CSU

Seehofers Bilanz

Als Parteichef wollte Horst Seehofer die CSU zu alter Stärke führen und modernisieren. Zehn Jahre danach ist das Ende ernüchternd.

9 Minuten Lesezeit

Von Christian Endt, Ingrid Fuchs und Birgit Kruse

Bevor Horst Seehofer am 25. Oktober 2008 die Wahl zum CSU-Chef annimmt, nippt er noch einmal an seiner Apfelschorle. Es ist 14.50 Uhr, als die stellvertretende Vorsitzende Beate Merk auf der Bühne zaghaft ans Mikrofon klopft. Die Wahlzettel sind ausgezählt, das Ergebnis, mit dem die knapp 1000 Delegierten den Nachfolger von Erwin Huber gewählt haben, steht fest.

Die CSU hat sich nach der desaströsen Wahlniederlage 2008 in München zu einem Sonderparteitag getroffen. 17 Prozentpunkte hat die Partei eingebüßt und damit nach mehr als 40 Jahren die absolute Mehrheit im Parlament verloren. Nichts ist nach dem Wahlsonntag mehr so, wie es einmal war – nicht im Land und vor allem nicht in der Partei.

 Richten soll es nun Horst Seehofer. 

Nicht, weil die CSU den Einzelkämpfer aus Ingolstadt für den geeignetsten Kandidaten hält. Nach der Wahlniederlage 2008 unter Parteichef Erwin Huber (links) und Ministerpräsident Günther Beckstein (rechts) gibt es einfach keinen anderen, dem man diese Aufgabe zutrauen würde. 

Nicht, weil die CSU den Einzelkämpfer aus Ingolstadt für den geeignetsten Kandidaten hält. Nach der Wahlniederlage 2008 unter Parteichef Erwin Huber (links) und Ministerpräsident Günther Beckstein (rechts) gibt es einfach keinen anderen, dem man diese Aufgabe zutrauen würde. 

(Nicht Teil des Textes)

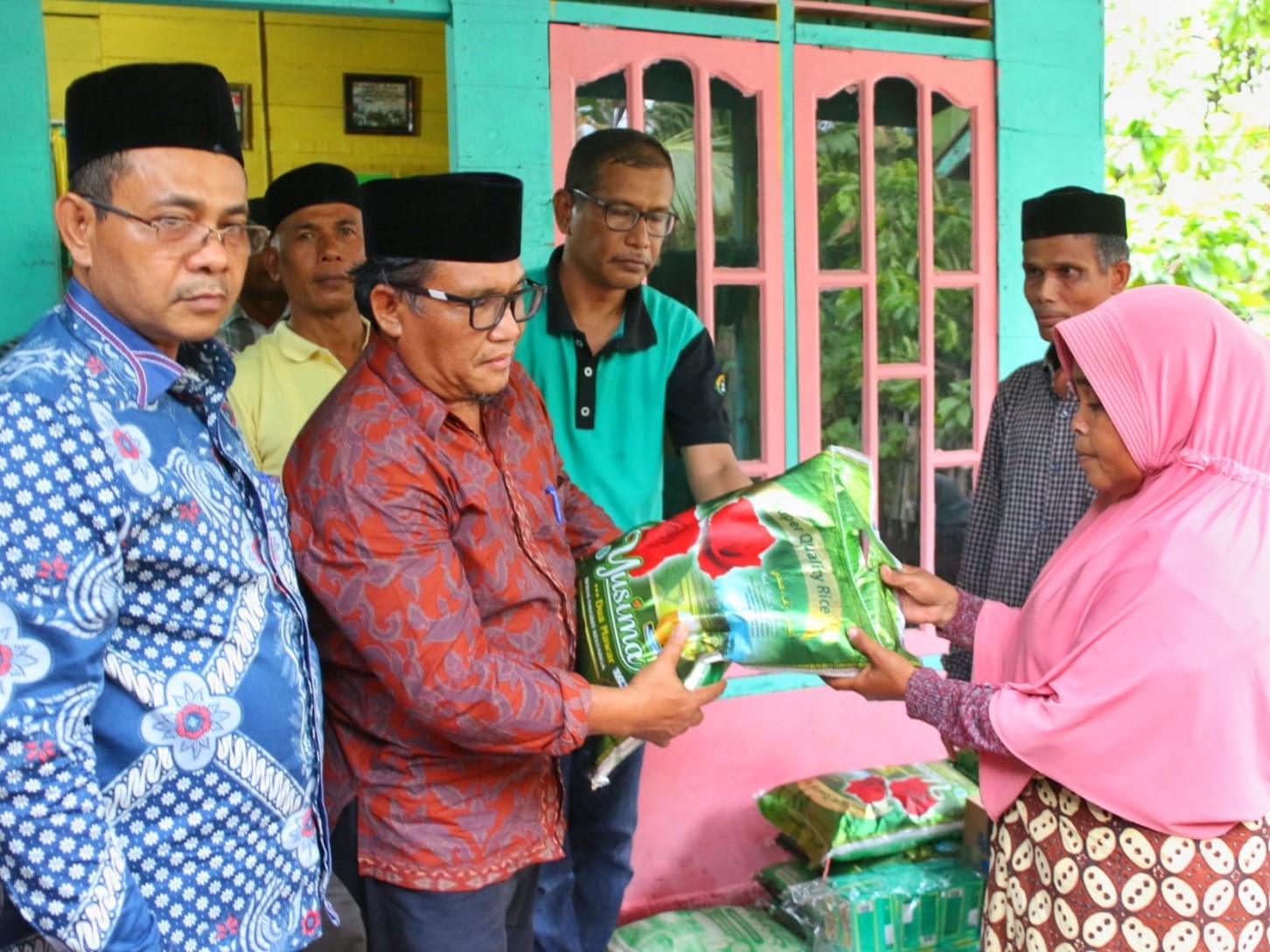 Penjabat Bupati Pidie Wahyudi Adisiswanto (baju batik merah) dan Sekda Idhami (baju batik biru) menyerahkan bantuan kepada istri M Affan.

Kurz nach dem Parteitag fällt Seehofer auch das zweite wichtige Amt in den Schoß.

Kurz nach dem Parteitag fällt Seehofer auch das zweite wichtige Amt in den Schoß.

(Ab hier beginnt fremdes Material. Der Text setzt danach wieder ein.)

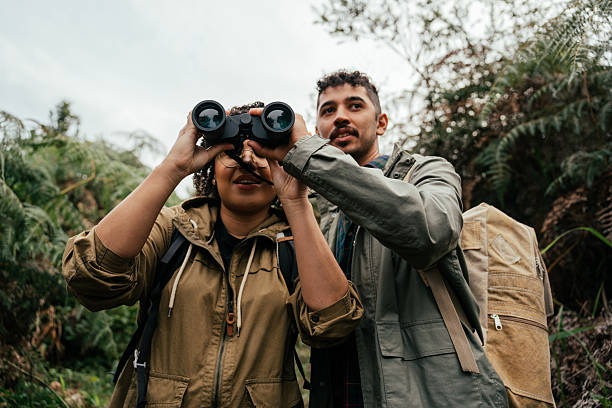 istock Young couple hiking in the forest and watching birds through binoculars 2212808256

Er wird Ministerpräsident – was er nie werden wollte.  

Die Abgeordneten stimmen mehrheitlich für ihn. „Wir müssen den Seehofer wählen“, sagt ein führendes Fraktionsmitglied, „und dann in Altötting eine Kerze stiften.“

Seehofer weiß, dass er nicht der Wunschkandidat ist. Er weiß aber auch, welche Aufgaben als Parteichef nun vor ihm liegen. Die Wichtigste wird sein, die CSU bei Wahlen wieder zu alter Stärke zurückzuführen und sie zu modernisieren: Die Partei soll jünger, weiblicher, urbaner werden. Seitdem sind mehr als zehn Jahre vergangen. Hat Seehofer an der Spitze der Partei seine Ziele erreicht? Eine Bilanz.

Es geht im Jahr 2008 um das Überleben der CSU als Volkspartei. Horst Seehofer soll ihr Retter sein. Nur eine starke CSU in Bayern kann ihren Einfluss auch auf Bundes- und EU-Ebene sichern.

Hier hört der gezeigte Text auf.